» **Items listed in a dataset**:
● ● ● ● ● ● ●

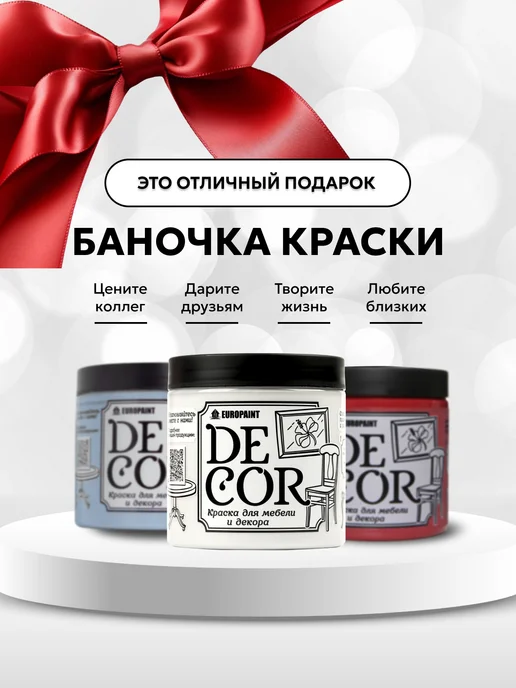 EUROPAINT Краска для мебели набор, цвет Серебряный князь 2 шт 1,4кг, 2 шт, 1,4 кг, фото 7
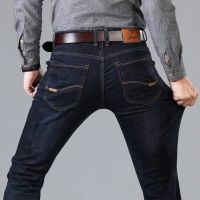 COD  ☀พร้อมส่ง กางเกงขายาวผ้ายีนส์ สีพื้นผ้ายืด ระบายกากาศได้ดี กางเกงทรงกระบอก8010✸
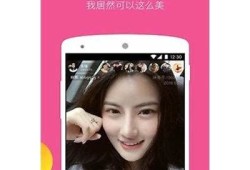 糖心Vlog短视频APP免费下载与使用教程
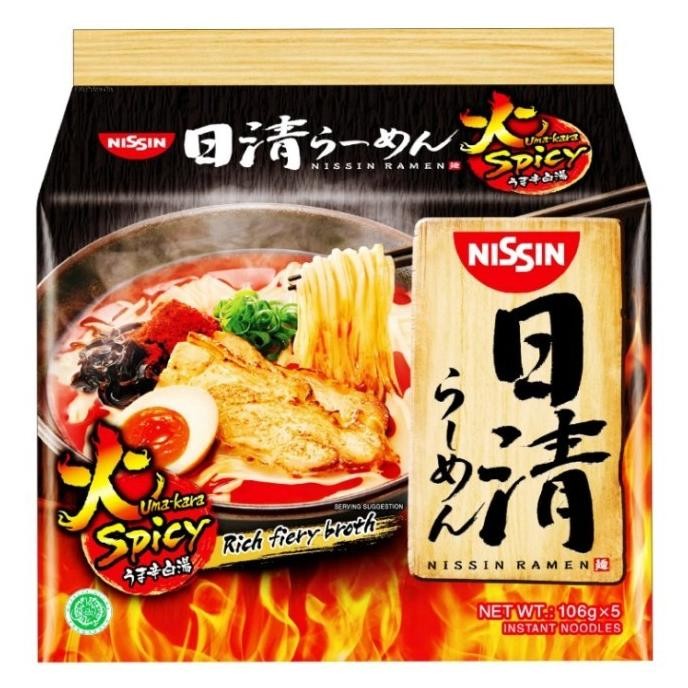 

Nissin Instant Japanese Ramen Uma Kara Spicy 5 x 106 Gram LN
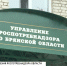 09 Rospotrebnadzor - ГТРК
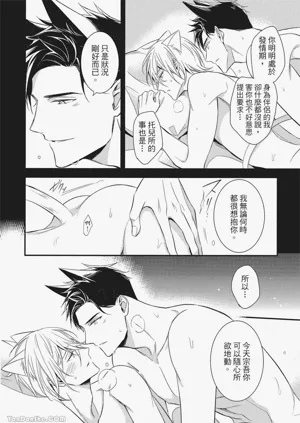 第140頁圖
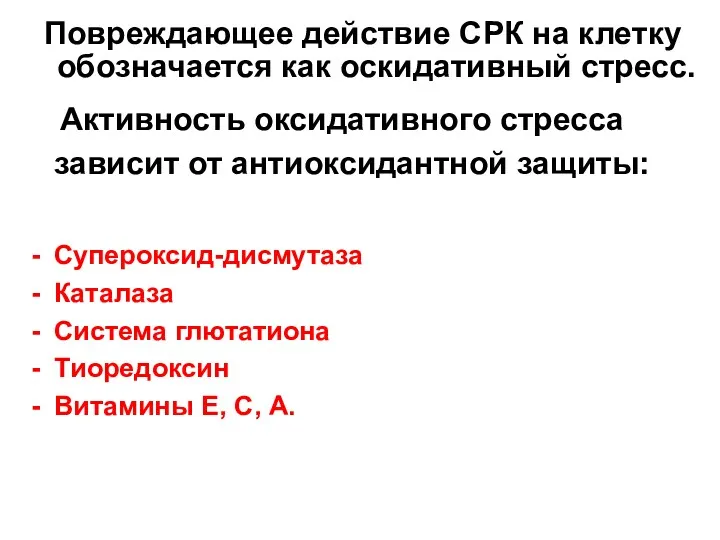 Повреждающее действие СРК на клетку обозначается как оскидативный стресс. Активность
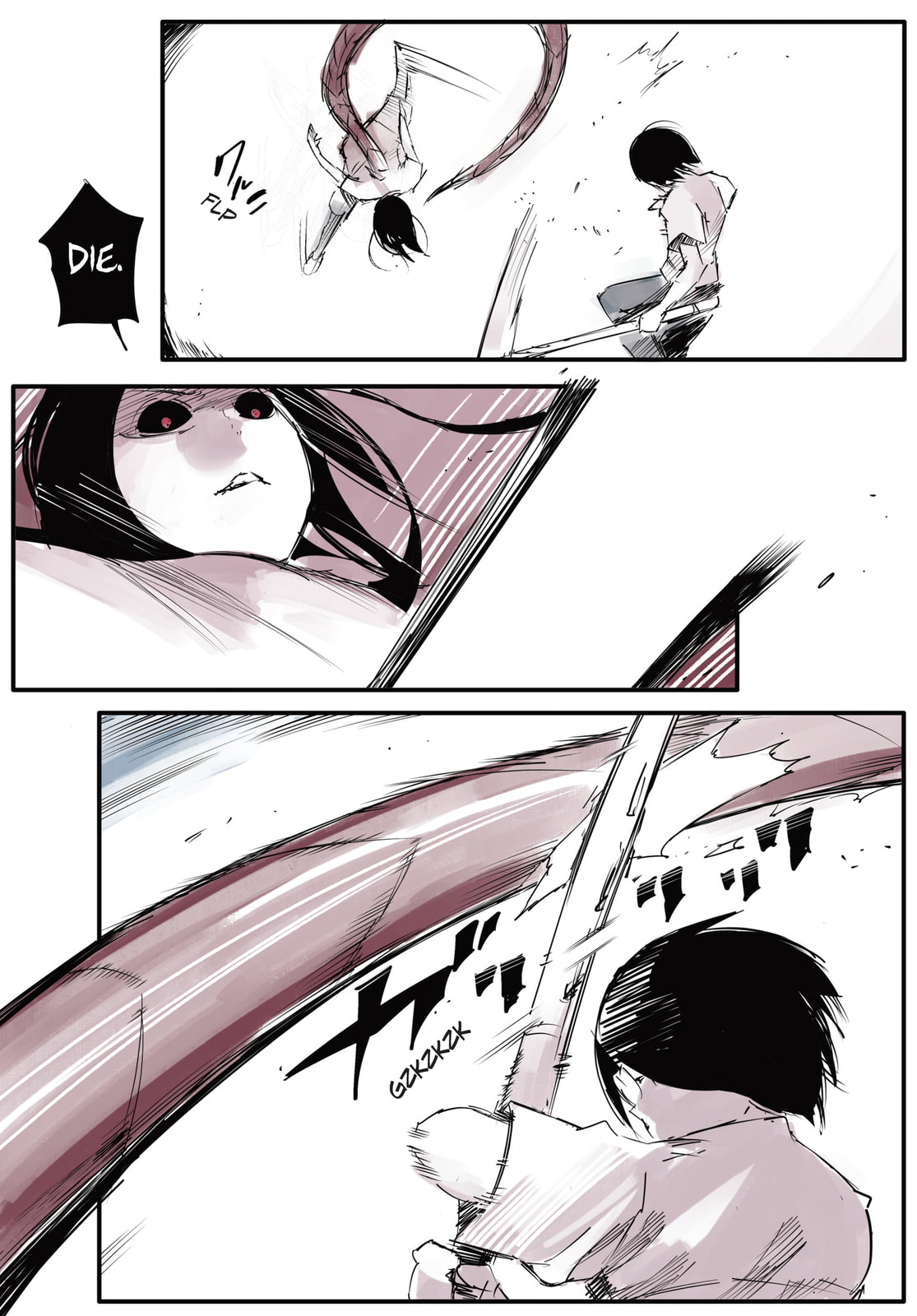 Read Tokyo Ghoul: Jack chapter 7 image 6 on Lezhin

● ● ● ● ● ● ●

Copy out all the data without changing anything, and drop the pictures.

» **Solution below**:
 EUROPAINT Краска для мебели набор, цвет Серебряный князь 2 шт 1,4кг, 2 шт, 1,4 кг, фото 7
 COD  ☀พร้อมส่ง กางเกงขายาวผ้ายีนส์ สีพื้นผ้ายืด ระบายกากาศได้ดี กางเกงทรงกระบอก8010✸
 糖心Vlog短视频APP免费下载与使用教程

Nissin Instant Japanese Ramen Uma Kara Spicy 5 x 106 Gram LN
 09 Rospotrebnadzor - ГТРК
 第140頁圖
 Повреждающее действие СРК на клетку обозначается как оскидативный стресс. Активность
 Read Tokyo Ghoul: Jack chapter 7 image 6 on Lezhin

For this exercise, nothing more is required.